### Data to process
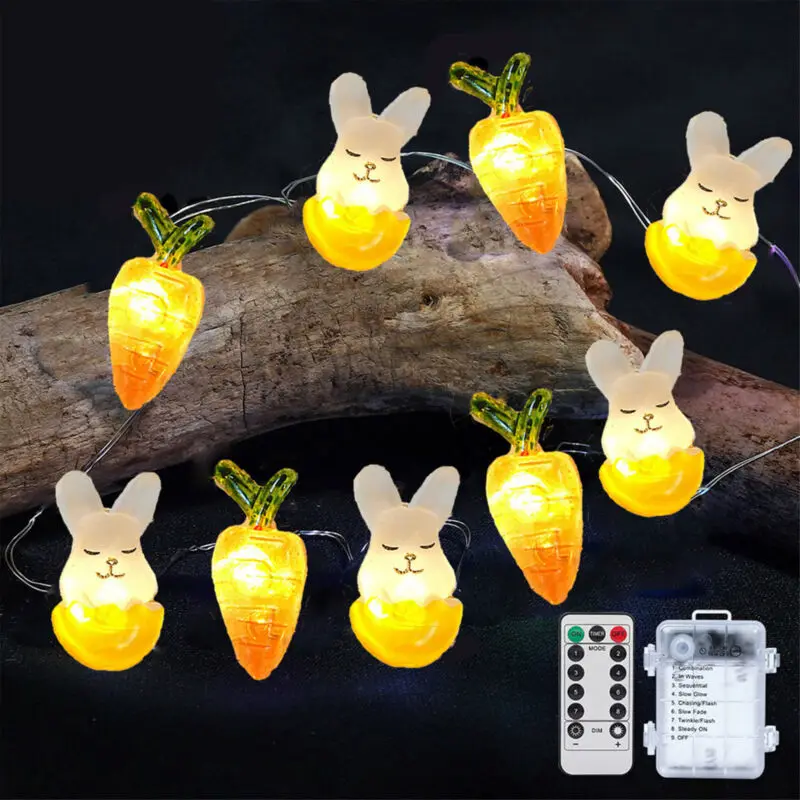 

10/13/16FT Easter Rabbit Light String Bunny LED Lamp Battery Remote Garden Decor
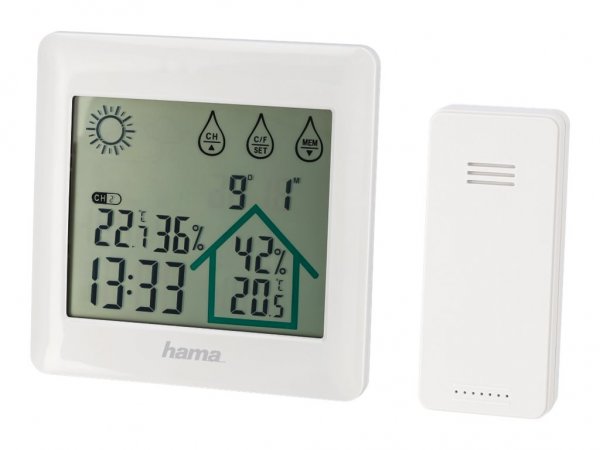 Hama Action - Bianco - Igrometro da interno - Termometro da interno - Igrometro per esterno - Termom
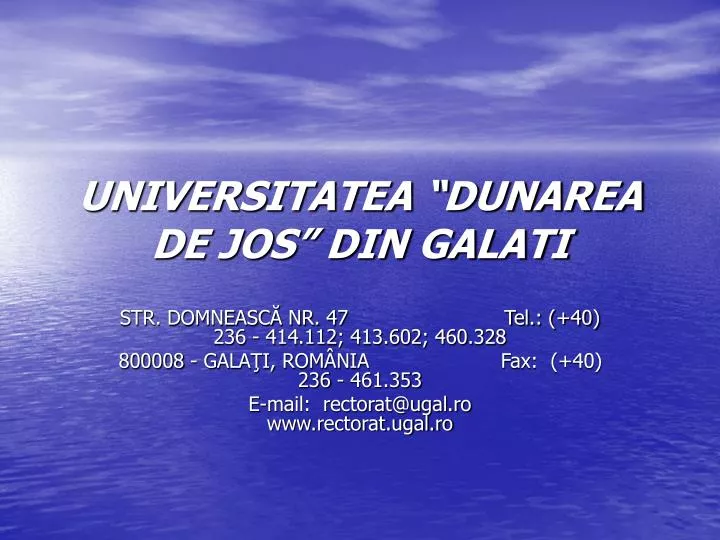 universitatea dunarea de jos din galati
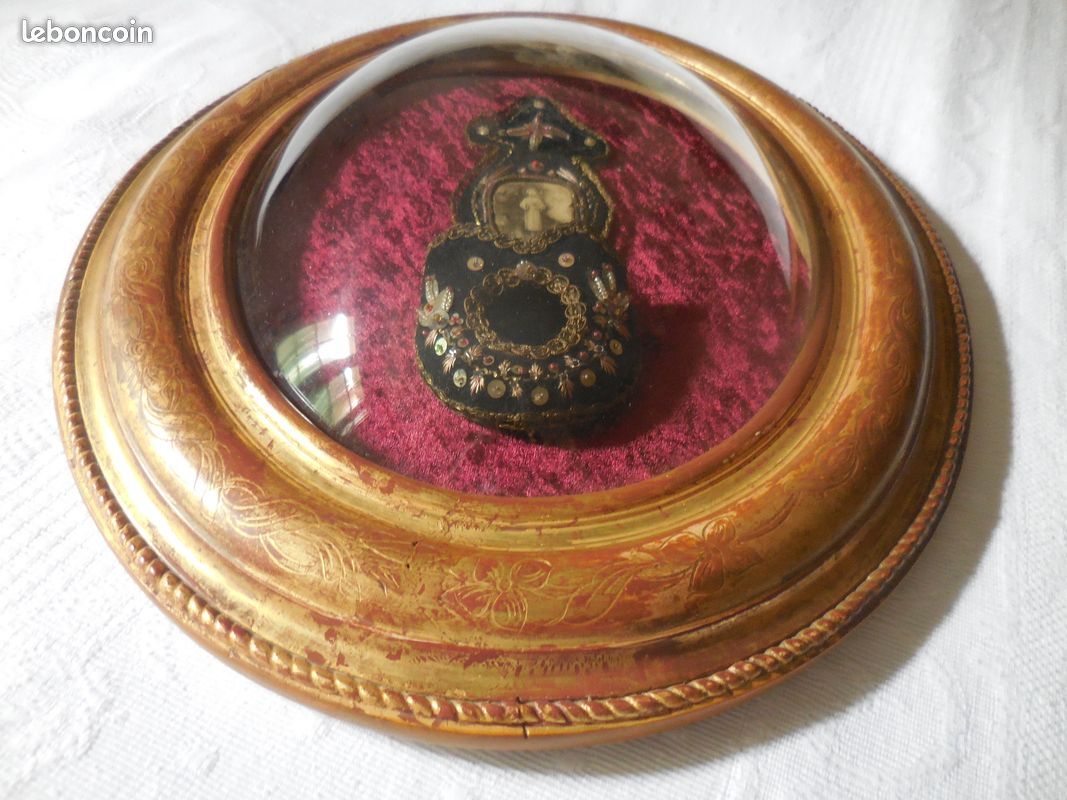 Lot De 2 Cadres Religieux En Verre Bombé - Décoration Chrétienne Vintage - Occasion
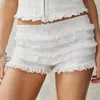 Kvinnors shorts Combhasaki Y2K Lace Bloomers Casual Summer Layered Ruffle Elastic Low Midje Vacation Beach Nightclub Streetwear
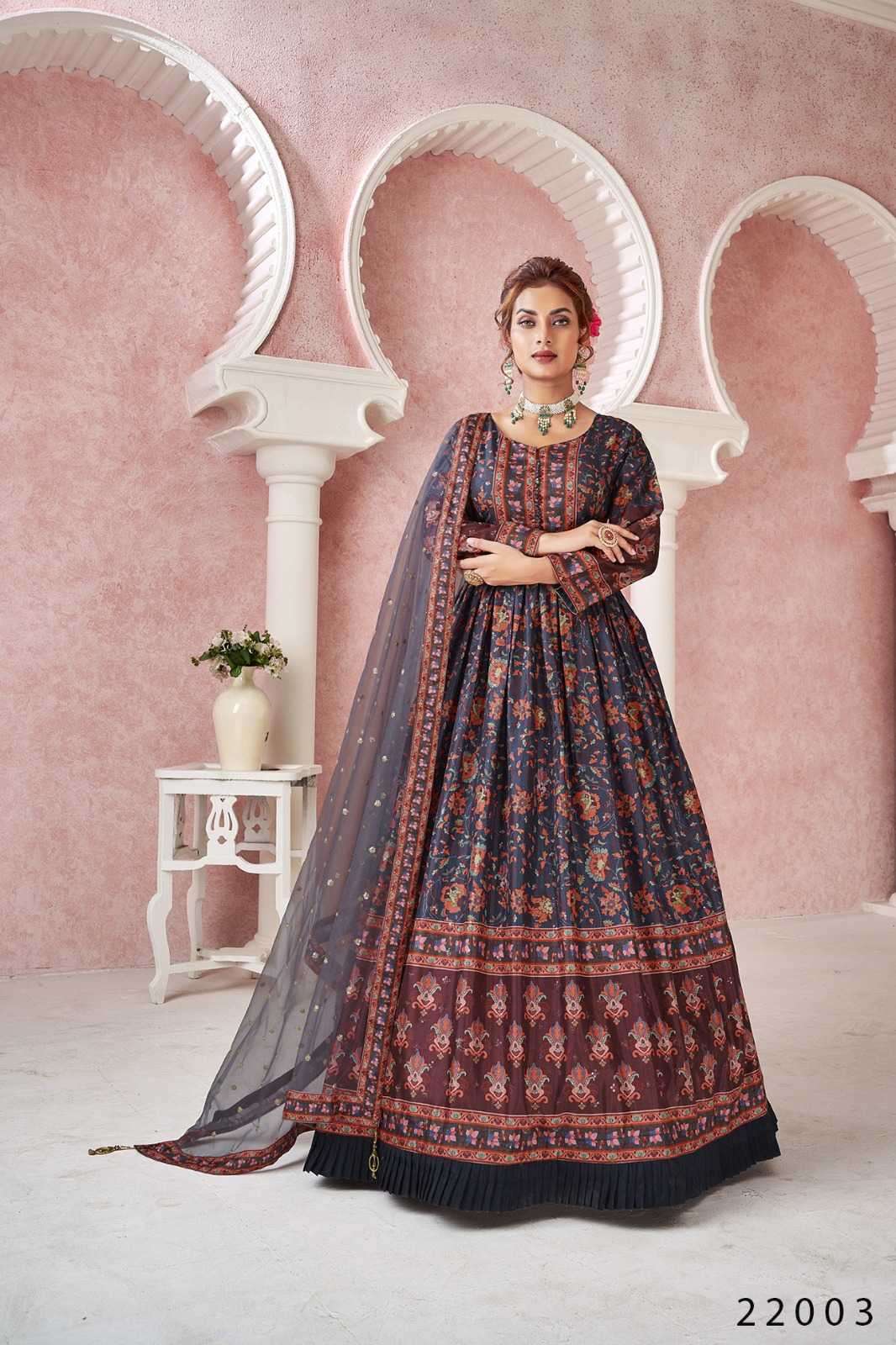 alfaaz kimaya series 22001-22005 dola silk gown with dupatta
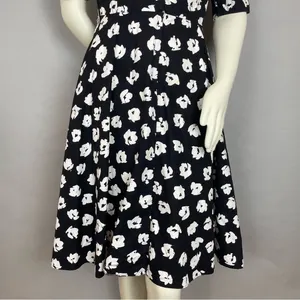 Vintage‎ Dress Floral Party Puffed Sleeves 1980s Flared Skirt Princess Seams thumbnail 5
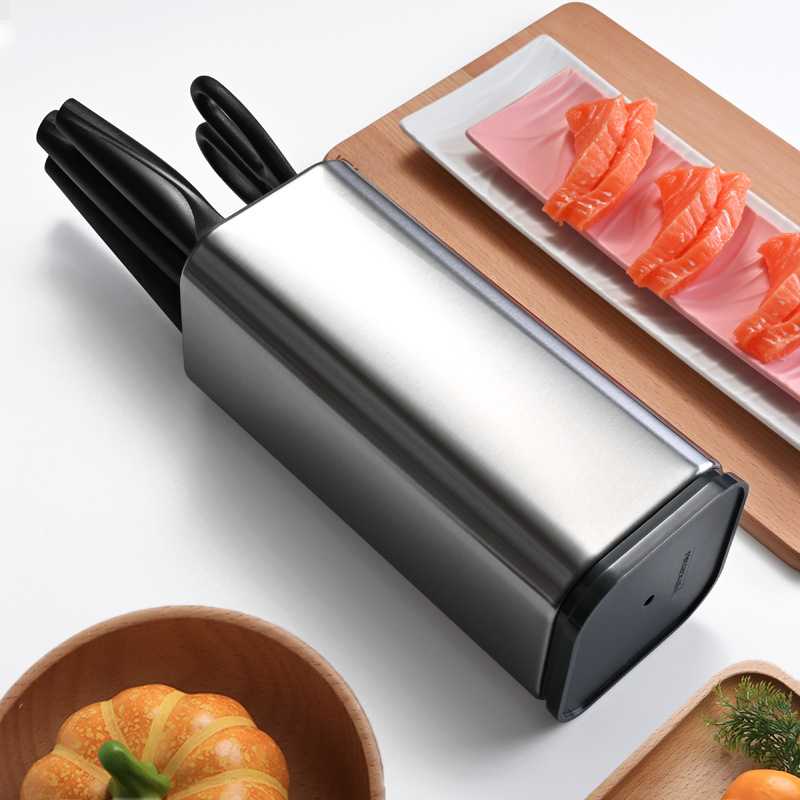 Компактный застегивающийся вакуумный нож для хранения без ножей из нержавеющей стали универсальный квадратный держатель для ножей с вентиляционными отверстиями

### About this task
Extract the lines exactly, please: the first line of the listing, the line with "Vintage‎ Dress Floral", and every line between them, but no pictures.

### Task output
10/13/16FT Easter Rabbit Light String Bunny LED Lamp Battery Remote Garden Decor
 Hama Action - Bianco - Igrometro da interno - Termometro da interno - Igrometro per esterno - Termom
 universitatea dunarea de jos din galati
 Lot De 2 Cadres Religieux En Verre Bombé - Décoration Chrétienne Vintage - Occasion
 Kvinnors shorts Combhasaki Y2K Lace Bloomers Casual Summer Layered Ruffle Elastic Low Midje Vacation Beach Nightclub Streetwear
 alfaaz kimaya series 22001-22005 dola silk gown with dupatta
 Vintage‎ Dress Floral Party Puffed Sleeves 1980s Flared Skirt Princess Seams thumbnail 5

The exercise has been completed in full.